# Sticky  How To Setup Your DirecTV HD IRD With Your Display



## mechman

DirecTV has several different HD boxes. All of them contain the same menu system unless you have the newer DirecTivo (THR22). Unfortunately, I am unfamiliar with the Tivo interface. So we'll just cover the DirecTV IRDs (Integrated Receiver/Decoder).

In the menu system of your DirecTV IRD you'll want to navigate to the Settings sub menu. On the left side you want to scroll down to HDTV. Three new selections will appear. They are Video, TV Ratio and TV Resolutions. 

[PIE]All of the following screen grabs display DirecTV's new HD GUI (Graphical User Interface).

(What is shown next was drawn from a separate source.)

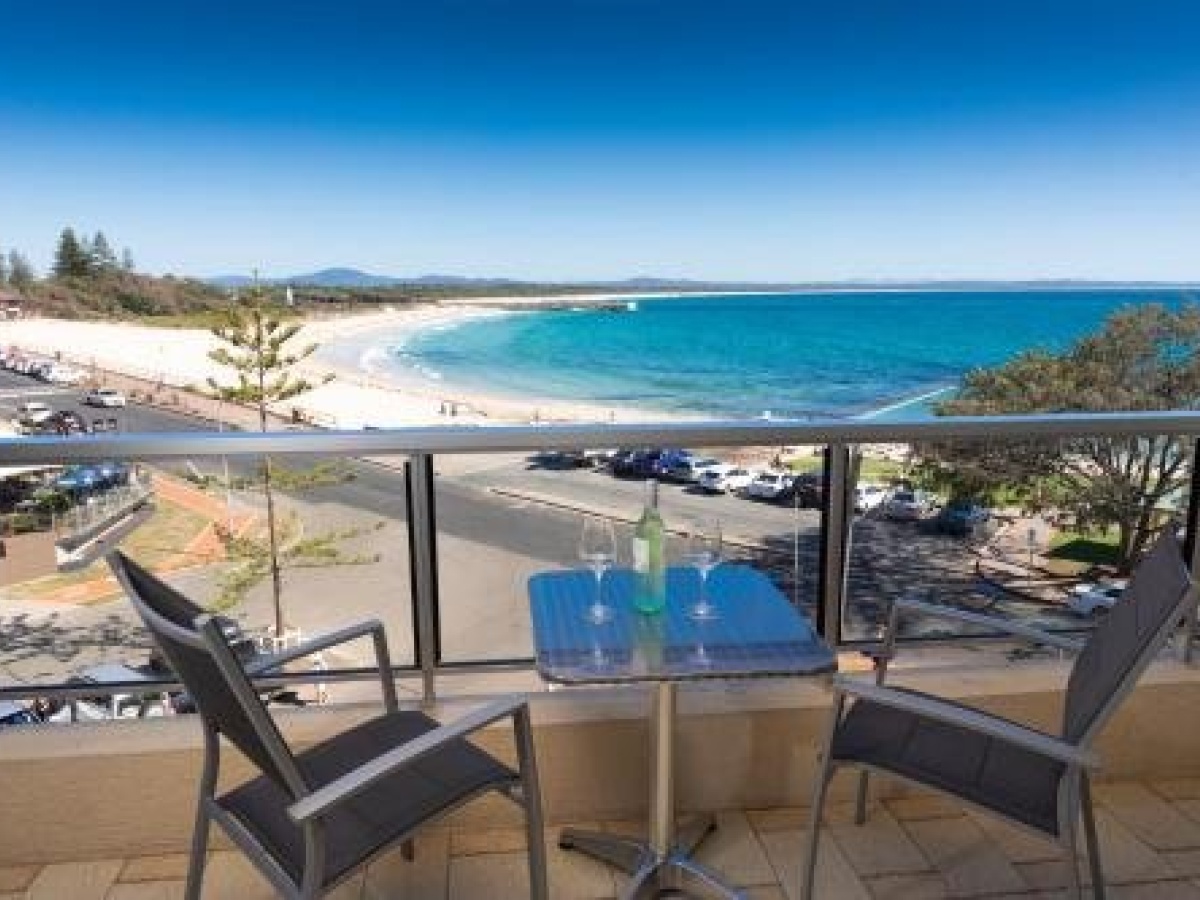 Beachpoint, Unit 303, 28 North Street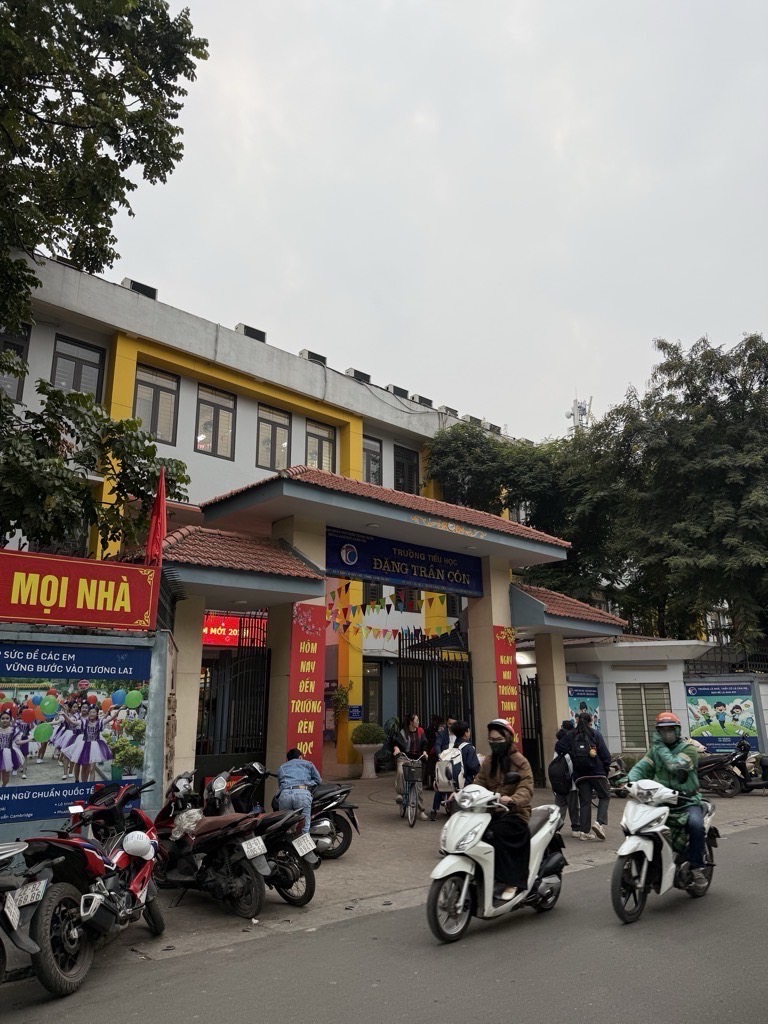 Bán nhà Nguyễn Quý Đức - diện tích 23m2 2 tầng - Kinh doanh khủng khiếp - giá 3,7 tỷ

If you do not have it yet, you should be getting it soon.[/PIE]










*Video*

*Video* - you'll have three new selections - Native, Screen Format, and Bar Color. Native is the resolution and you want this selection to be 'On'. Meaning that your DirecTV IRD is outputting the video at it's native resolution - there is no conversion of the video.

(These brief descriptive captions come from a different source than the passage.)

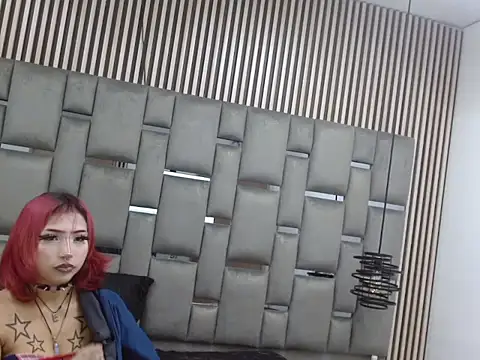 Snapshot of Memi_xxx chatting on November 4, 2025, 2:15 am Memi xxx online show from November 4, 2025, 2:15 am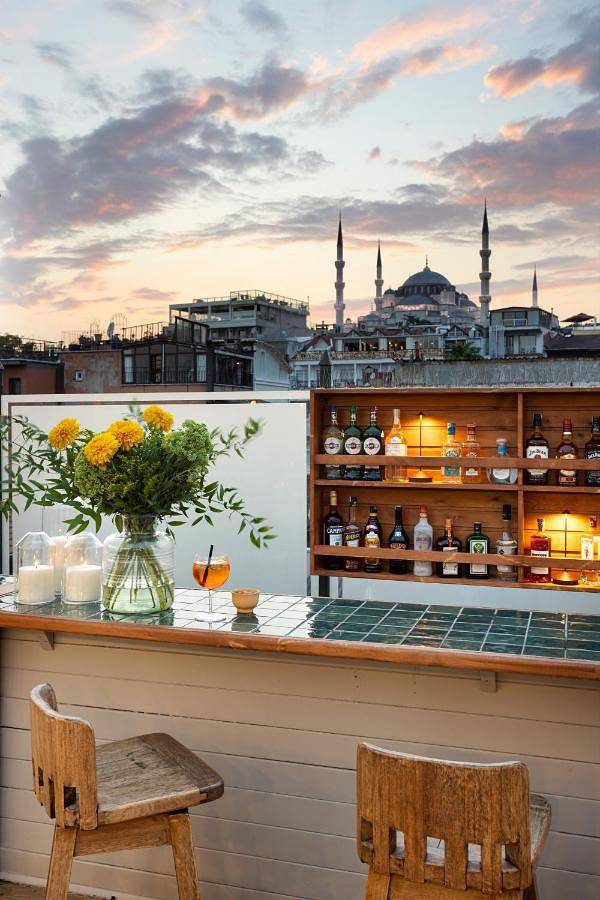 Hotel voor 3 personen, met terras in Istanbul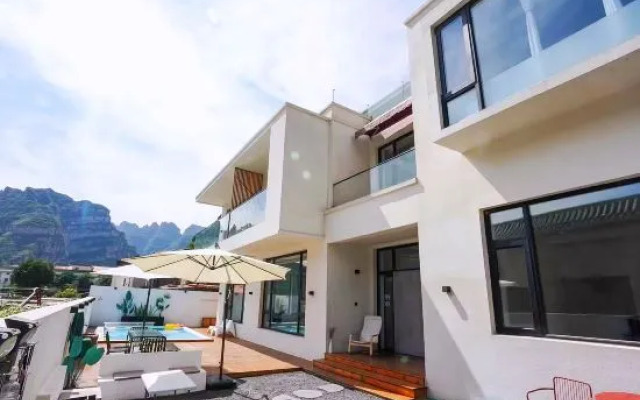 Alley Homestay (Beijing Shidu Scenic Area)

*Screen Format* - your options are Original Format, Pillar Box, Stretch, or Crop. This is for how SD material will be displayed on your set. 

Pillar Box will display the bars on the left and right side of the screen. 










Stretch will stretch the image so that it fits the screen width. 










Crop will cut off the top and bottom of the image in order for it to fit the full width of the display. 










Original format will display the material in it's original format.










*Bar Color* - this allows you to change the pillar bars' color.

*TV Ratio*

This allows you to change your aspect ratio for your display. This should be set to Widescreen 16:9.

*TV Resolutions*

This is where you would select the resolutions your display supports. Select all resolutions that your display supports. 










Your DirecTV IRD is now set up with the proper settings for your display. :T


----------